IV. La repetición y lo minoritario

Como señalaba al principio de este ensayo, podría afirmarse que, a grandes rasgos, el propósito central de DR era el de recobrar para los conceptos de “diferencia” y “repetición” un espacio ontológico propio que los liberara de la subordinación al primado de la identidad, al que la filosofía de la representación los había tenía sometidos a lo largo de la historia de la filosofía. Como señala Paul Patton (2013, p. 75), la concepción de un mundo libre de diferencias bosquejada en DR señalaba una defensa de lo particular contra todas las formas de universalización, de generalización o de representación, toda vez que -de acuerdo con Deleuze-, cada vez que comparece una representación, siempre hay una singularidad no representada, una singularidad que no se reconoce en el representante. En lo que respecta al tema de la repetición, ésta, como vimos, está relacionada con el poder de la diferencia en los términos de un proceso de producción que genera variación en y a través de la repetición. Por ello, el concepto de “repetición” está ligado a una variedad de otros conceptos, como “diferenciación”, “singularidad”, “variación”, “libertad”, “devenir”, “desterritorialización”, “línea de fuga”, o -como veremos enseguida- con la noción de “minoría” o “minoritario”. Ésta es la razón por la cual Deleuze afirmaba que todo lo que había escrito después de DR estaba ligado con este libro: el concepto de “repetición”, como el de “diferencia”, están presupuestos e implicados en la totalidad de la obra del filósofo francés.
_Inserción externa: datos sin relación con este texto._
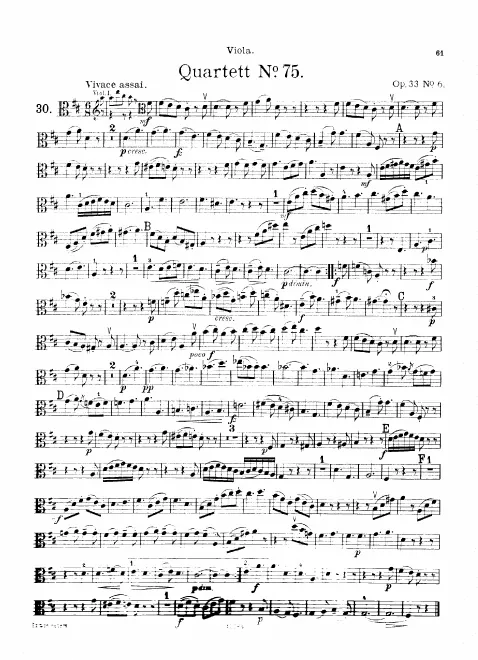 Viola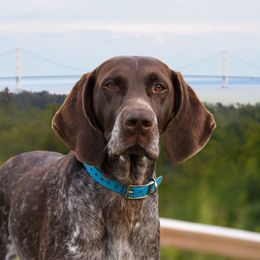 Nyx - German Shorthaired Pointer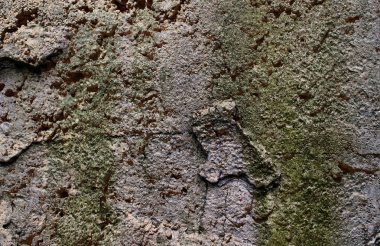 Yüksek çözünürlükte yaşlı yıpranmış çimento duvarlarında çatlaklar yakın çekim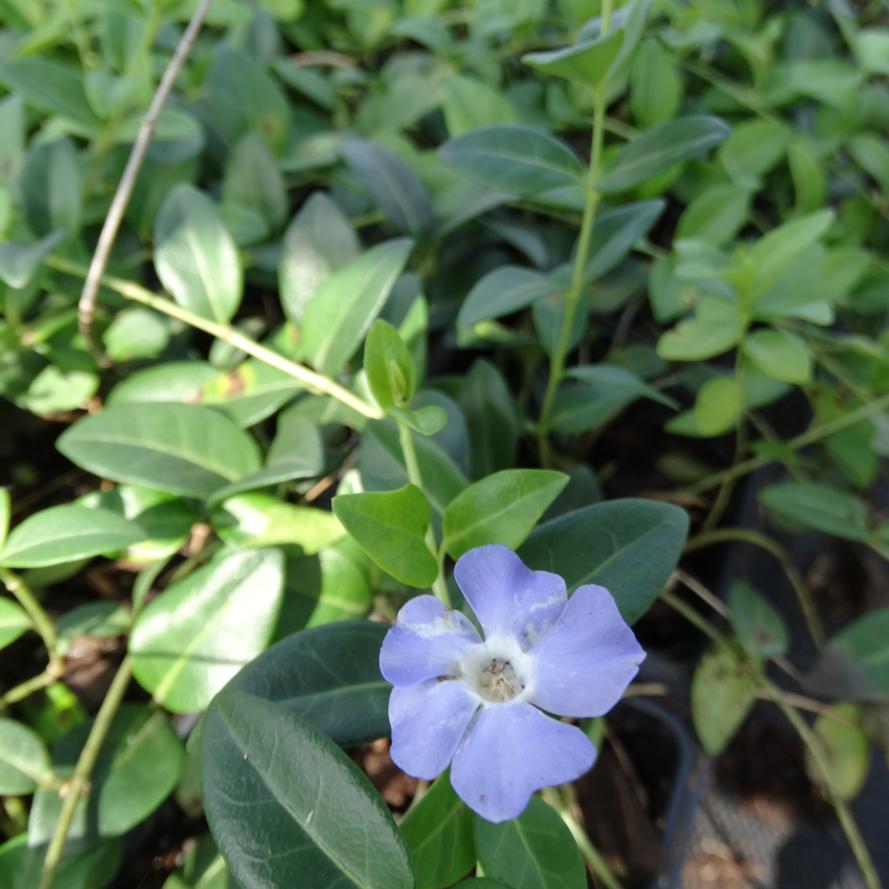 Vinca minor ''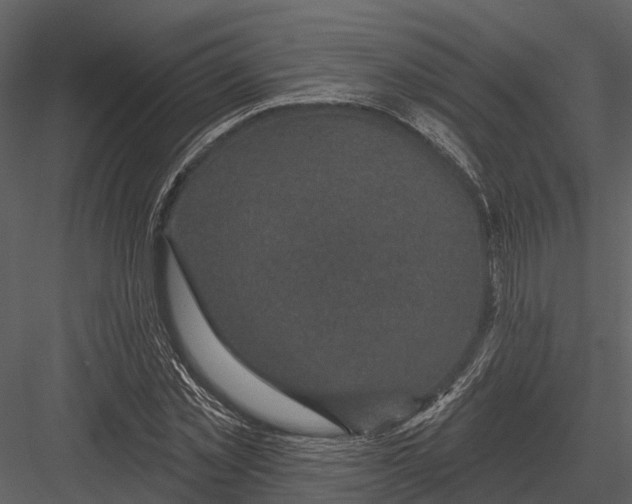 X0000082930781200702222218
Como vimos, la repetición no se produce como repetición de lo Mismo, esto es, no se produce mediante la mímesis. Por ello -como ya había señalado Kierkegaard- se opone punto por punto a la repetición pensada en términos platónicos. En “Simulacro y filosofía antigua”, un apéndice a Lógica del sentido, Deleuze explicaba que la expresión “invertir el platonismo” -utilizada por Nietzsche para definir la tarea de toda filosofía futura- significaba principalmente sacar a la luz y “acorralar” la motivación moral oculta de la teoría de las Ideas de Platón. En términos generales, el motivo de esta teoría habría sido el que nacería de una voluntad por seleccionar, por escoger. Dice Deleuze: “Distinguir la ‘cosa’ misma y sus imágenes, el original y la copia, el modelo y el simulacro” (Deleuze, 1969, p. 292). Con Platón nos las habríamos con una “dialéctica de la rivalidad” en la que se trataría de distinguir entre pretendientes, entre lo puro y lo impuro, entre lo auténtico y lo inauténtico. La identidad superior de la Idea, en este sentido, cumple el papel de fundamento; es ella la que posee algo en primer lugar y lo da a participar: lo Bueno, lo Justo, lo Bello. A partir de las Ideas en cuanto fundamento se desplegaría toda una jerarquía con grados de participación variable. Las copias serían pretendientes bien fundados que poseerían una semejanza interna con la Idea de la que participan, pero habría también simulacros, falsos pretendientes que estarían construidos sobre una disimilitud con la Idea y que por ello serán acusados de poseer una desviación o una perversión intrínseca.

Podemos entonces definir mejor el conjunto de la motivación platónica: se trata de seleccionar a los pretendientes, distinguiendo las buenas y las malas copias o, más bien, las copias siempre bien fundadas, y los simulacros, siempre abismados en la desemejanza. Se trata de asegurar el triunfo de las copias sobre los simulacros, de rechazar los simulacros, de mantenerlos encadenados al fondo, de impedir que asciendan a la superficie y se “insinúen” por todas partes (Deleuze, 1969, p. 296).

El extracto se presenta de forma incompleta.